Aim of the exercise
Write out the following listing's lines from the one with "RDA5807 Μονάδα στερεοφωνικού" to the one with "Ejurahene unites Assembly", exactly, with both included and no others.
(Provided records Opens)
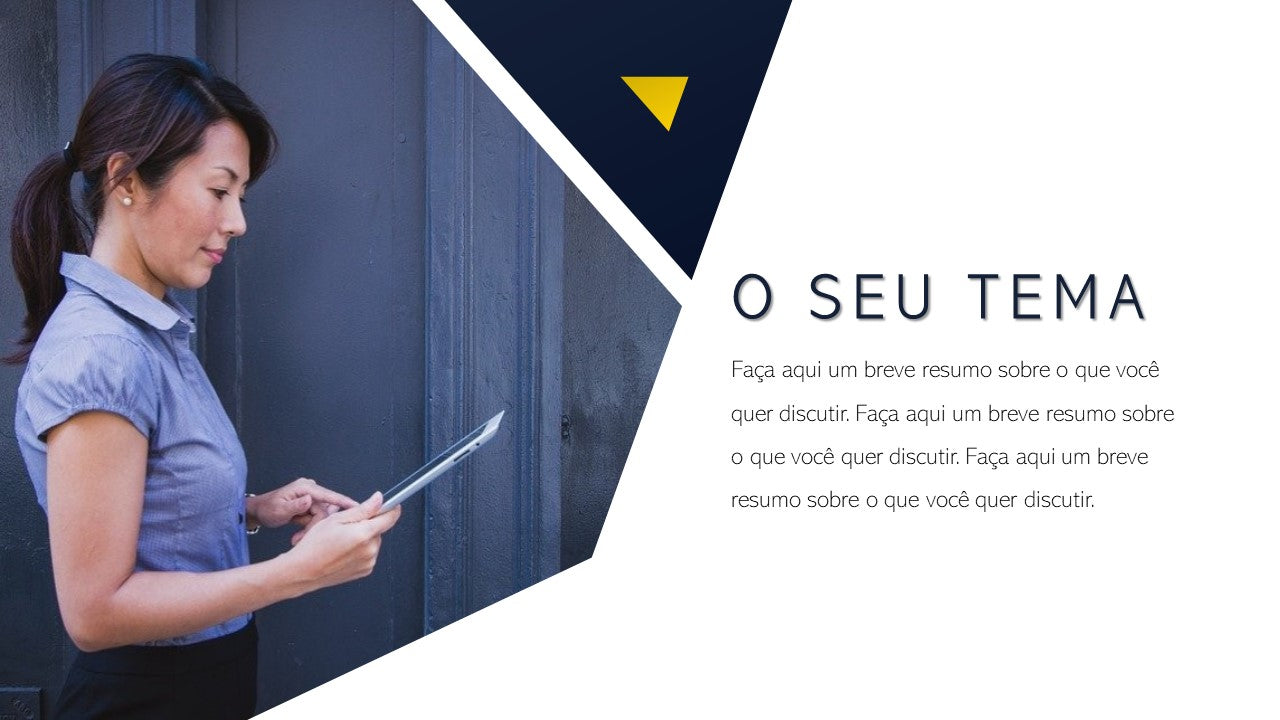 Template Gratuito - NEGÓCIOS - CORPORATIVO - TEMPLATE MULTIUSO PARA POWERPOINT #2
(Provided records Closes)
(Provided records Opens)
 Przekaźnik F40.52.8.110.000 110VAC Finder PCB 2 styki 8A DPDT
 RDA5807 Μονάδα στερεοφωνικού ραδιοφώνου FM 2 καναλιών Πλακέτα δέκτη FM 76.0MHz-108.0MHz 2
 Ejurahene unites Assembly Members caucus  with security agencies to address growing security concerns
(Provided records Closes)
(Provided records Opens)
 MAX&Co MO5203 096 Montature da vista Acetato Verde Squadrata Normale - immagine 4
(Provided records Closes)
Solution for this task
 RDA5807 Μονάδα στερεοφωνικού ραδιοφώνου FM 2 καναλιών Πλακέτα δέκτη FM 76.0MHz-108.0MHz 2
 Ejurahene unites Assembly Members caucus  with security agencies to address growing security concerns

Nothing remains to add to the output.